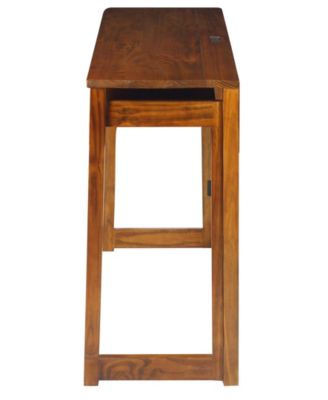 Montego Folding Desk with Pull Out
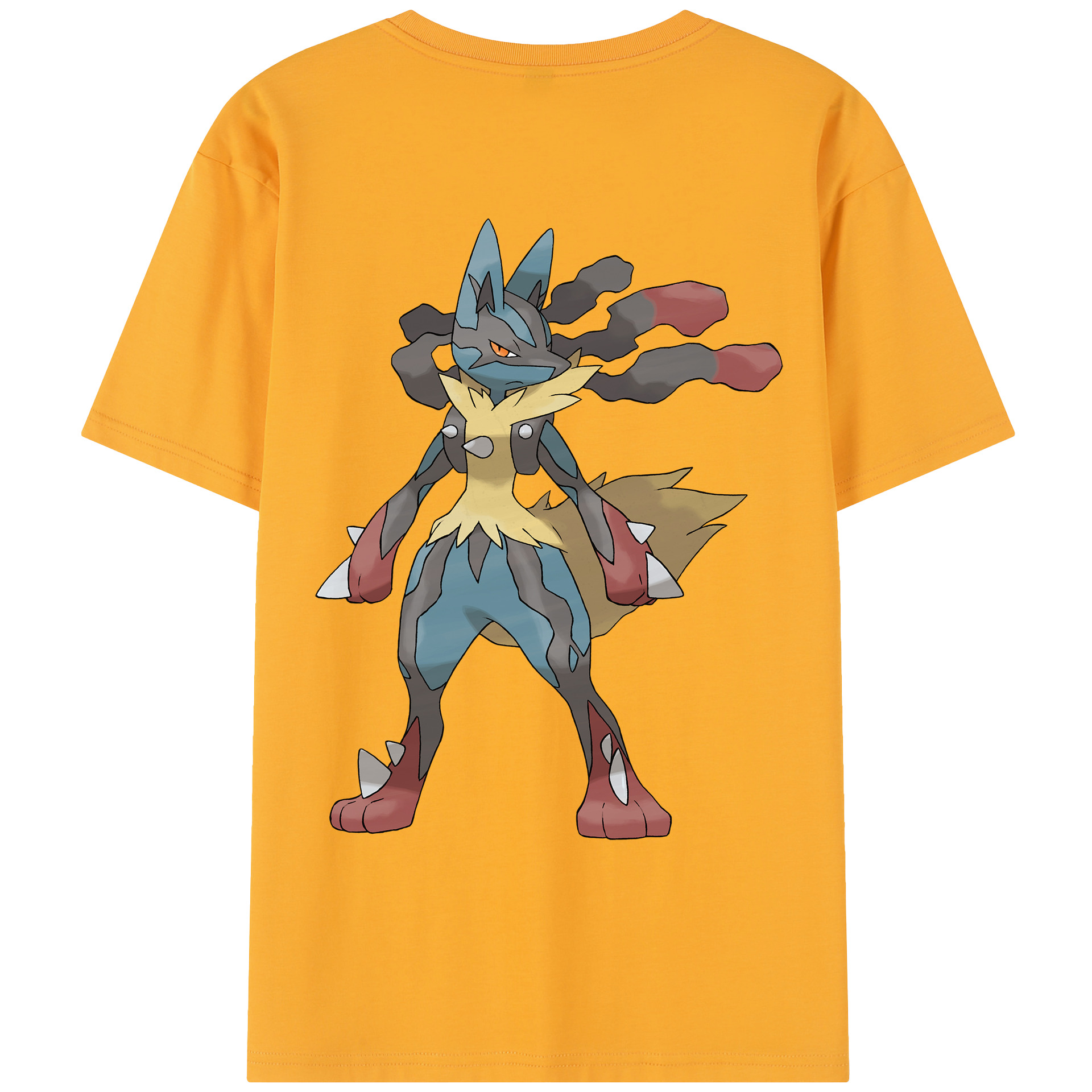 （画像用） ポケットモンスター Pokémon レディース半袖Tシャツ(バックプリント)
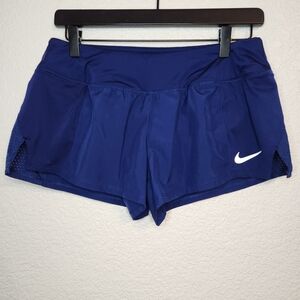 Nike Solid Navy Blue Element Board Swim Shorts Women’s Size M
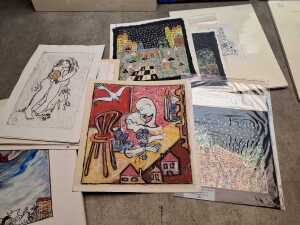 Assorted artworks by Tasmanian artist Karen Armstrong - 5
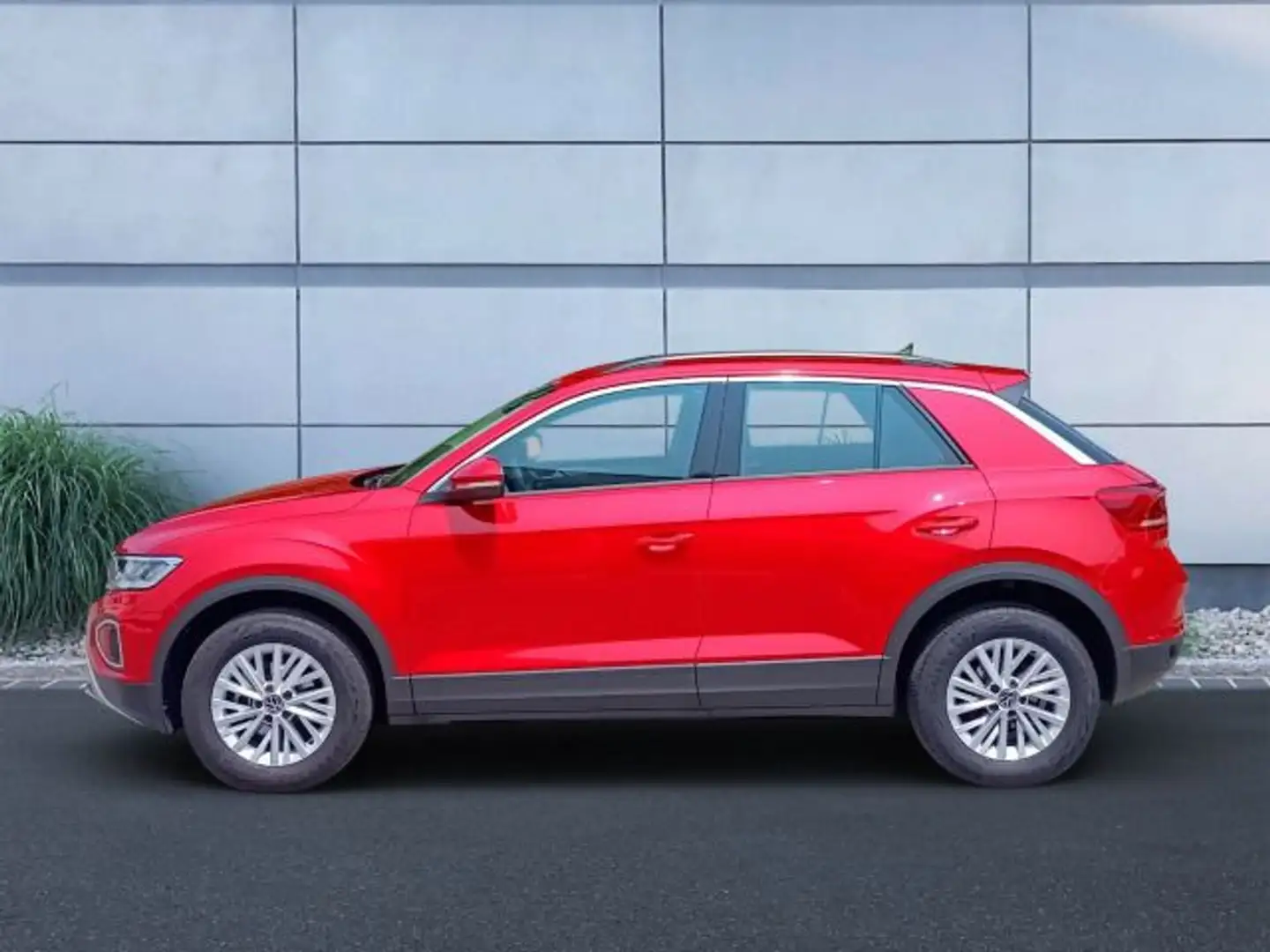 Volkswagen T-Roc T-ROC Life 1.0 TSI, ACC, RearView Rot - 2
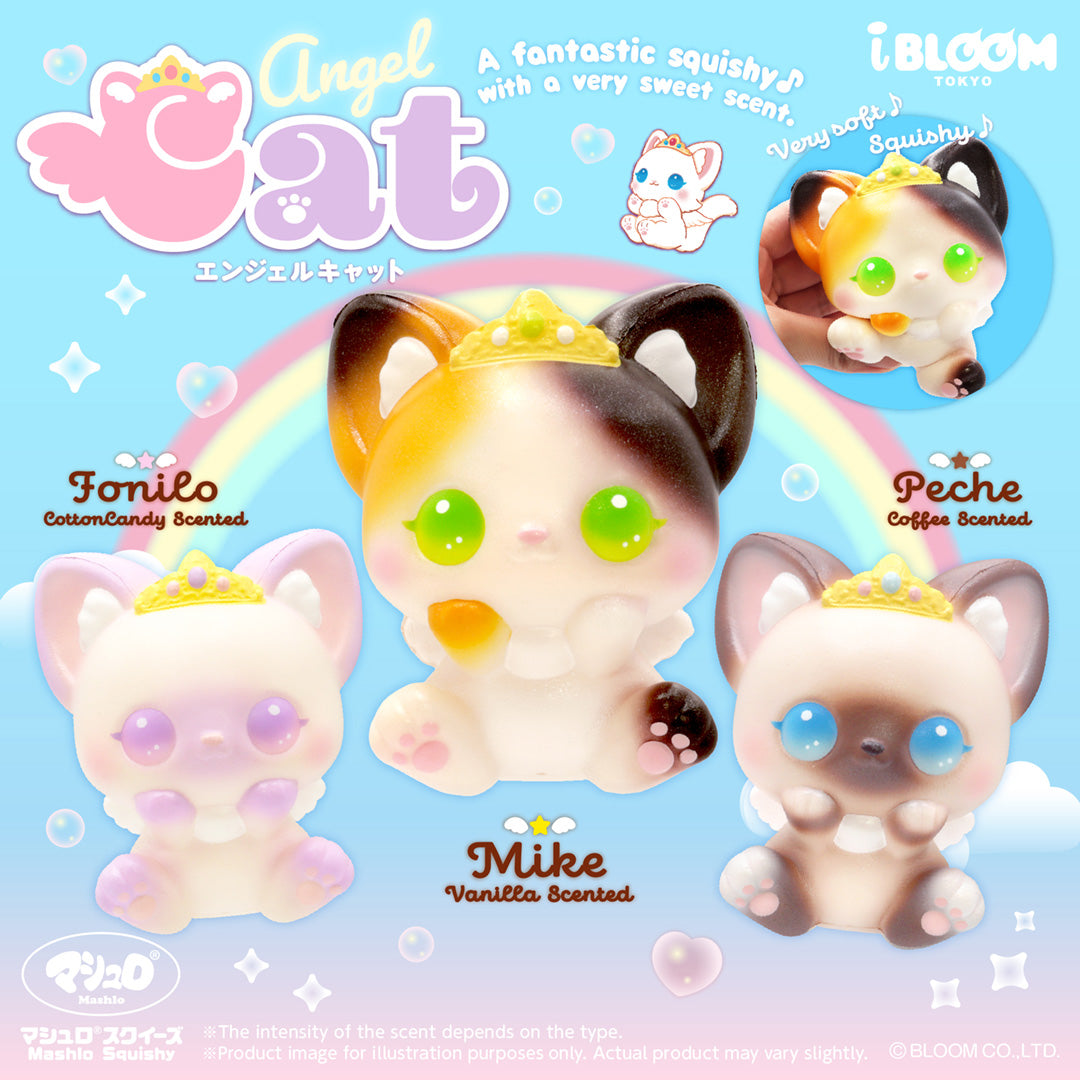 エンジェルキャット – i-BLOOM SQUISHY OFFICIAL SHOP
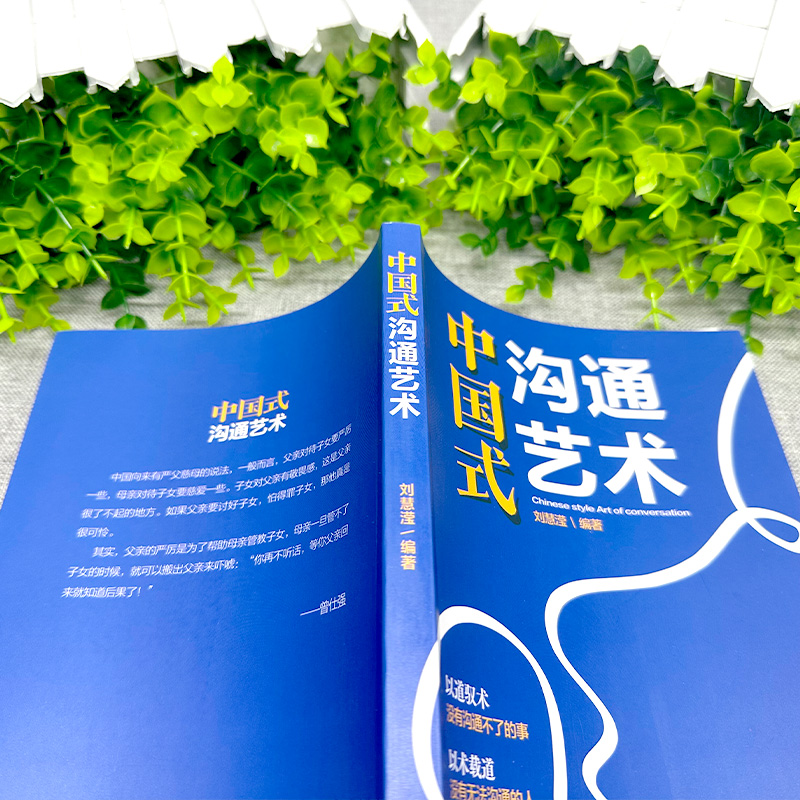 [正版]抖音同款 中国式沟通艺术沟通智慧 即兴演讲回话的技术掌控谈话情商口才训练艺术职场聊天沟通技巧书籍语言类每天懂一高清大图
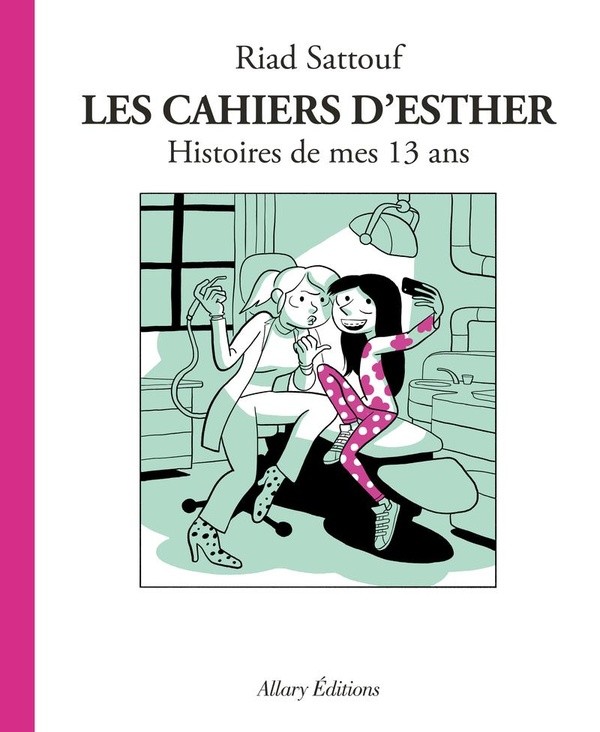 [709672] Les Cahiers d'Esther - Tome 4 Histoires de mes 13 ans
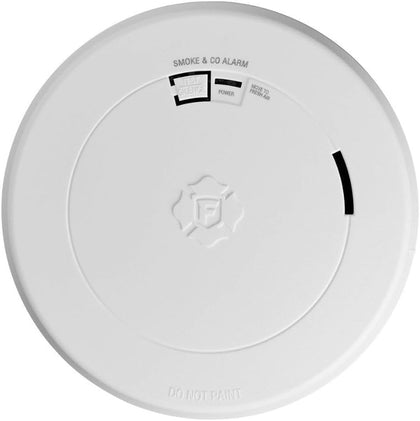 SMCO210 Sealed 10-Year Battery Combo Smoke and Carbon Monoxide Detector with Slim Profile Design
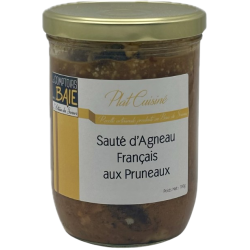 Au Coin Gouteux Saute D Agneau Aux Pruneaux 780g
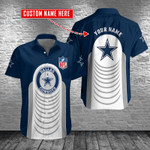 Dallas Cowboys Personalized Button Shirts BG391
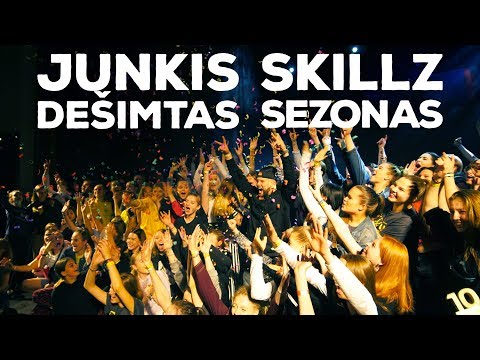 SKILLZ 2019-20 m.s. (oficialus trailer'is) Kvietimas naujokams šokti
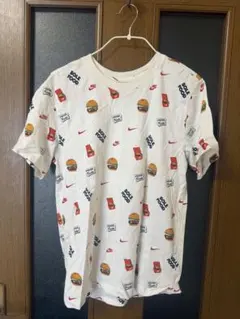 松*合様 Nike ハンバーガー プリント Tシャツ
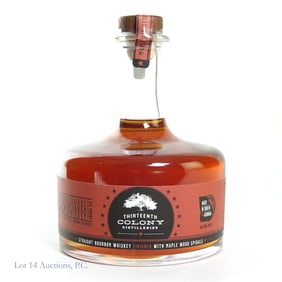 Thirteenth Colony Maple Wood Spirals Bourbon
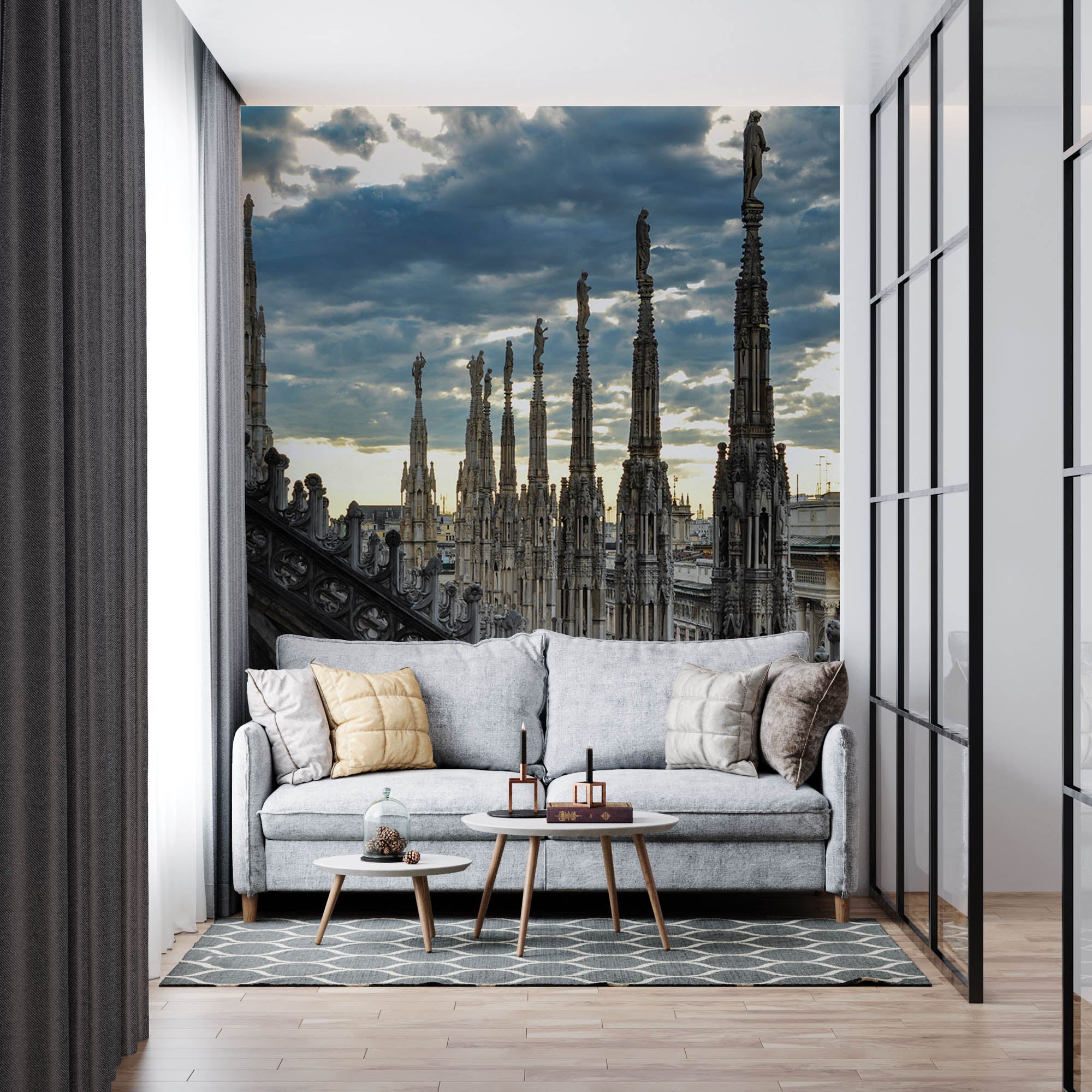 Kathedraal van Milaan - LW00392 Fotobehang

Try it - While leaving pictures out, reproduce exactly the lines from the beginning of the listing above through the line containing "[709672] Les Cahiers", both ends included.

Worked solution -
 Montego Folding Desk with Pull Out
 （画像用） ポケットモンスター Pokémon レディース半袖Tシャツ(バックプリント)
 Nike Solid Navy Blue Element Board Swim Shorts Women’s Size M
 Assorted artworks by Tasmanian artist Karen Armstrong - 5
 Volkswagen T-Roc T-ROC Life 1.0 TSI, ACC, RearView Rot - 2
 エンジェルキャット – i-BLOOM SQUISHY OFFICIAL SHOP
 [正版]抖音同款 中国式沟通艺术沟通智慧 即兴演讲回话的技术掌控谈话情商口才训练艺术职场聊天沟通技巧书籍语言类每天懂一高清大图
 [709672] Les Cahiers d'Esther - Tome 4 Histoires de mes 13 ans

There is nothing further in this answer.